Gap President and CEO Mickey Drexler offered to work with developers to test new ideas such as coat checks and parcel storage.


LAS VEGAS — Gap President and CEO Millard S. “Mickey” Drexler called on developers at the convention to join with his company in partnership.

“We’re only as good as your shopping centers are,” Drexler told the crowds packing a luncheon session here in May. “It’s an extremely competitive environment, moving at warp speed, and together we have to be more creative and smart about our business.”

His remarks contrasted sharply with his last ICSC presentation at the 1994 Fall Convention in San Francisco where he railed against CAM charges. Six years later, he struck a more collaborative posture, noting that retailers and shopping centers share one goal — to provide customers the experience they want — and that Gap will join with its landlords to do just that.

“You have to work hard with us to be as innovative as we can, because believe me the customer figures it out first,” Drexler said, noting that Gap’s own “reinvention” efforts are an attempt to satisfy the customer and stay ahead of the curve. “You can help us,” he added, inviting developers to voice complaints and observations so that his company can improve its stores.

Returning the favor, Drexler used the occasion to stimulate developers to improve their projects, too. “I look at the shopping center — rightly or wrongly — as a town square or village,” he said. “What do you have to do to bring people there? You can do one little thing and be famous for it.”

Noting that Gap’s operative strategy is to keep things simple, Drexler encouraged developers to do the same: “Keep it simple and easy, convenient and accessible. Why won’t consumers buy online if stores and shopping centers are a hassle? Convenience is important to all of us. What can you do to make it easier?”

He not only suggested ways — such as providing coat checks and parcel storage — that shopping centers could enhance their convenience; he also offered to help.

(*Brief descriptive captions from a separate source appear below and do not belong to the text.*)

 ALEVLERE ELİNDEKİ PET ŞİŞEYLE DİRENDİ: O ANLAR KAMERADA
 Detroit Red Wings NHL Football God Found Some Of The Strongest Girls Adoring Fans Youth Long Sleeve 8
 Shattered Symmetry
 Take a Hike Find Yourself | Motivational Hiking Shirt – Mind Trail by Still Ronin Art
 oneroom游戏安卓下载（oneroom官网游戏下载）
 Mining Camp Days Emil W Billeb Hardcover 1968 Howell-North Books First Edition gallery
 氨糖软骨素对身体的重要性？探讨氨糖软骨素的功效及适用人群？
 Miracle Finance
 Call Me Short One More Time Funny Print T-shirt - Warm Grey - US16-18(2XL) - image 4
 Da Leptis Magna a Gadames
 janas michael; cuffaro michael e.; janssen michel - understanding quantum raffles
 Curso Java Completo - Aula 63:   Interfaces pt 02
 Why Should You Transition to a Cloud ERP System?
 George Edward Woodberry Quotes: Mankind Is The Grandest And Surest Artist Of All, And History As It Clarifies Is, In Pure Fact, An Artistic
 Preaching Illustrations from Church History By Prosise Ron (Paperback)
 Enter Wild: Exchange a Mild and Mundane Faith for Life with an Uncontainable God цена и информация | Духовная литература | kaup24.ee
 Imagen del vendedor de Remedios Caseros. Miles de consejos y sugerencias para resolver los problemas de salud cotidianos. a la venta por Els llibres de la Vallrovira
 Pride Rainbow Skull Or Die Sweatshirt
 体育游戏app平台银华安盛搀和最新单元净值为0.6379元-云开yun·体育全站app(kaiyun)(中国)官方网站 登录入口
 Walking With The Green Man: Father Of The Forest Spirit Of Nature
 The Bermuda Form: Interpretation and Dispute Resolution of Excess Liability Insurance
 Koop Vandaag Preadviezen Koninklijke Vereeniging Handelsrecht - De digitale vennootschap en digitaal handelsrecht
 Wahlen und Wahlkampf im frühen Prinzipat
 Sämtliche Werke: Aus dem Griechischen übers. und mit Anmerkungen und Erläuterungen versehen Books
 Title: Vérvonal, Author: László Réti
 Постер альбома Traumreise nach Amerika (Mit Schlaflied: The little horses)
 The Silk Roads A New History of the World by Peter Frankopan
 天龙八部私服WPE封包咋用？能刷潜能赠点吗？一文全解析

He said that Gap stores could test out such ideas, serving, for example, as a drop-off point for shopping bags — even those filled by other tenants.

Challenging developers to continuously rethink their formulas — including tenant mix — to keep them fresh and appealing, he said, “Treat the entire mall like a department store — turn [the inventory] upside down if you have to.”

San Francisco-based Gap Inc., which scored $11.6 billion in sales last year, operates more than 3,100 stores worldwide, 570 of them newly opened in 1999. Despite slumping same-store sales, which have given rise to concerns of cannibalization, plans are to open another 600 this year.

Drexler defended the company’s aggressive expansion plans, explaining that it owns less than 6% of the apparel market. “Look at Nike, Coke and McDonald’s — they have over 30% of their markets. So we’re lagging in market share — and for us, that’s an exciting statistic.”

Opportunity remains enormous, he said. “We look at our market share by zip code to see where we’re not,” he said. “We’re also looking at our share in your centers. We want to partner with you on getting our fair share.”

So despite Drexler’s willingness to work with developers, his comments suggest that the added value he feels his company brings to centers may entitle it to special privilege.

“We spend more than half a billion dollars on marketing to drive traffic into stores and shopping centers — how many tenants do that?” he said. “It’s an important difference we can make. Gap, Old Navy and Banana Republic are attracting three-quarters of a billion customers each year. That’s a lot of people visiting our stores and your centers.”

The fact that Gap’s three brands are available only in the company’s three chains is another asset to centers, he said. Offering consumers something they can find nowhere else (even if they are T-shirts and jeans) “prevents our products from being commodities.” So don’t expect Gap to ease up on lease negotiations, “We’ll continue to make tough deals to get the right returns on the value of our brands,” he said.